# Mehrfachvererbung/eigene Klassen



## kittie (5. April 2004)

Hi,
ich habe folgendes Problem:

Ich habe eine eigene Klasse "KMaske0" geschrieben,die aus "Component" erbt.
In der KMaske0 stehen Konstruktoren,Methoden,erzeugte Objekte.,...
Weiterhin hab ich ne "KMaske1" erstellt,die aus "KMaske0" erbt.
In der "KMaske1" stehen mehrere Methoden zum Sortieren und Visualisieren des Sortiervorgangs.
Nun soll ich eine weitere Klasse"Sortierverfahren" erstellen, die aus "KMaske1" erbt.
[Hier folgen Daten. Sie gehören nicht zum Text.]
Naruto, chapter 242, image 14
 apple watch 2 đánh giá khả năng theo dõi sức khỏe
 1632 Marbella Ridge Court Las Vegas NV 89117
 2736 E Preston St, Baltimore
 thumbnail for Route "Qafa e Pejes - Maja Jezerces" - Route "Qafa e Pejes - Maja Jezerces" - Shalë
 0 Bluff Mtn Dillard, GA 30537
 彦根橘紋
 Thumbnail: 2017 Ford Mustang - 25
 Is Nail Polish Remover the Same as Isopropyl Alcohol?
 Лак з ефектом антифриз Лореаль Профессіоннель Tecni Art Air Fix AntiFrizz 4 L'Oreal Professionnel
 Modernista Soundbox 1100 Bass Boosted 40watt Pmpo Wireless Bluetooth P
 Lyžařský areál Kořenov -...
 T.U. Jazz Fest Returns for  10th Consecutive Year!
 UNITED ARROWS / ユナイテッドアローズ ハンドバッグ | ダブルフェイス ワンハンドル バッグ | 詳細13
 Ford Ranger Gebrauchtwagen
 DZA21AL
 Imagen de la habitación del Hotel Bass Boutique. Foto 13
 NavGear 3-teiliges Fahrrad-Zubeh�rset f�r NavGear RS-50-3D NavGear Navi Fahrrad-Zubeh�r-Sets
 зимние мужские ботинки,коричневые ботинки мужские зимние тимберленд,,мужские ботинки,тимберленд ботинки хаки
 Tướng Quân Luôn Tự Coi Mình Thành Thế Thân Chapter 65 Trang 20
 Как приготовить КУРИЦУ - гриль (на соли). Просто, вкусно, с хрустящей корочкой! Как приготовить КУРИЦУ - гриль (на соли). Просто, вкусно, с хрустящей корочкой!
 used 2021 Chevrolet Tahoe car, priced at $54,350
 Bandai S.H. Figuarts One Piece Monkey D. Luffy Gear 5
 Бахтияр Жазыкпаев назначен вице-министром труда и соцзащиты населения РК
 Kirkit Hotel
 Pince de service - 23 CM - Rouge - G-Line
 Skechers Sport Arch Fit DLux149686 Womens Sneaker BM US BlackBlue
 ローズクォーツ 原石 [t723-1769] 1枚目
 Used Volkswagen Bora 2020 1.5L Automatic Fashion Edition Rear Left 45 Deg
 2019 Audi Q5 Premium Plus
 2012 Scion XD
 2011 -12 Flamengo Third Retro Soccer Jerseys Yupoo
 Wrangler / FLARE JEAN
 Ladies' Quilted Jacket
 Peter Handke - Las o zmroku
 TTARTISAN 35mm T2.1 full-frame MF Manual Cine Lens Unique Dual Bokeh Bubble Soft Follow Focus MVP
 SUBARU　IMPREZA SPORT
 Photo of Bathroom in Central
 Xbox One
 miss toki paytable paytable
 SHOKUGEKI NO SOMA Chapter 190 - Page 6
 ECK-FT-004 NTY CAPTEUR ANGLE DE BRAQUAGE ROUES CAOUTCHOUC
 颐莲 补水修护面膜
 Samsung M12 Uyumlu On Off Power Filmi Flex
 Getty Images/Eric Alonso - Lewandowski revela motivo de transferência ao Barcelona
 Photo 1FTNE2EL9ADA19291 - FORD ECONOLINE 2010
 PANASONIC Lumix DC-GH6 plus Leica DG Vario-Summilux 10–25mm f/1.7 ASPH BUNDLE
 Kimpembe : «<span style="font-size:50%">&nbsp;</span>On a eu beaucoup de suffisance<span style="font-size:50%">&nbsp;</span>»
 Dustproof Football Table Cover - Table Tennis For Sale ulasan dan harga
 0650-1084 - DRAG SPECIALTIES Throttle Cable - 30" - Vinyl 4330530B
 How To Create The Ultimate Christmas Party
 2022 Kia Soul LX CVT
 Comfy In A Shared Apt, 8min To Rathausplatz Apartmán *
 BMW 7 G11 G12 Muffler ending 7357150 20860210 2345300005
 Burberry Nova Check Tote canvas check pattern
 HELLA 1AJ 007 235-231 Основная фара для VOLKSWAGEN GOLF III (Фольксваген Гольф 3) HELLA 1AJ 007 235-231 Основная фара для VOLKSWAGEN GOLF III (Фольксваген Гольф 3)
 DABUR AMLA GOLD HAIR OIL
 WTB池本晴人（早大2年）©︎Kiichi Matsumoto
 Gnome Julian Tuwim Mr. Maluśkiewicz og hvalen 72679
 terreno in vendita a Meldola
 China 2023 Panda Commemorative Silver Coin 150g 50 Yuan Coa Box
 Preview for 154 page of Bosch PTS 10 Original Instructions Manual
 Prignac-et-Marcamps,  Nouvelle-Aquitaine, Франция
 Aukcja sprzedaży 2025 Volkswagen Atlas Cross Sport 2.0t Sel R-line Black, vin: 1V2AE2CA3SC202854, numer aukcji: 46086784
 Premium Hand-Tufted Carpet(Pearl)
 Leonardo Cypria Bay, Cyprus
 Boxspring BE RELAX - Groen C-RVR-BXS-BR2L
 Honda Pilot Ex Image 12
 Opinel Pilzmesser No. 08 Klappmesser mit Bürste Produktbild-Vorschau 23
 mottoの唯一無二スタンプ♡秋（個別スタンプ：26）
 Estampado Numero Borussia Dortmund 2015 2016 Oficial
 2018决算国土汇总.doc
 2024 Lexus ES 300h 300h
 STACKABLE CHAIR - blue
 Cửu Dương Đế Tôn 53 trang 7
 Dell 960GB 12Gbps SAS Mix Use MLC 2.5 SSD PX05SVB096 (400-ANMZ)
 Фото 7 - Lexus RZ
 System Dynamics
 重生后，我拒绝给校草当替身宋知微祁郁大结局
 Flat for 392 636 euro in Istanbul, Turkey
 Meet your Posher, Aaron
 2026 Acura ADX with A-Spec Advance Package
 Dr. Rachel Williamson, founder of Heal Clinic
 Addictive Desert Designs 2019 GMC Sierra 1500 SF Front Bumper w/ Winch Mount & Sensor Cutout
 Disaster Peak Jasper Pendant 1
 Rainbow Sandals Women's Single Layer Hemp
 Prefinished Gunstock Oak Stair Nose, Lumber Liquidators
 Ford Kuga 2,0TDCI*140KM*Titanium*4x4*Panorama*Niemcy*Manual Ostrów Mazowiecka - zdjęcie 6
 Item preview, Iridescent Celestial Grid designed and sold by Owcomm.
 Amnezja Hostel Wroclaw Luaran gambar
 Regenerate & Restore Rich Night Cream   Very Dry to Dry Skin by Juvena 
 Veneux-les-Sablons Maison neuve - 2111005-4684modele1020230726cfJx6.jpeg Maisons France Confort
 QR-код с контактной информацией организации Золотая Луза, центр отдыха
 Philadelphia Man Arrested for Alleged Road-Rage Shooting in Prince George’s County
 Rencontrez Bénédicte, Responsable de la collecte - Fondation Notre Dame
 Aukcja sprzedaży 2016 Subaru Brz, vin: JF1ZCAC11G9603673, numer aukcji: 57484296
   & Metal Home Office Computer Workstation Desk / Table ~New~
Als Fehler bekomme ich angezeigt,dass in "KMaske1" keine Konstruktoren vorhanden sind....... Und nun? 
Wie bekomme ich die Aufgabe erfüllt,dass "Sortierverfahren" aus "KMaske1" erbt?

Danke schonmal =)

steff / kittie


----------



## Ein_Freund (5. April 2004)

Also ohne den Quellcode zu sehen, ist das schwierig. Ich müsste zum Beispiel wissen, an welcher Stelle der Fehler auftritt? 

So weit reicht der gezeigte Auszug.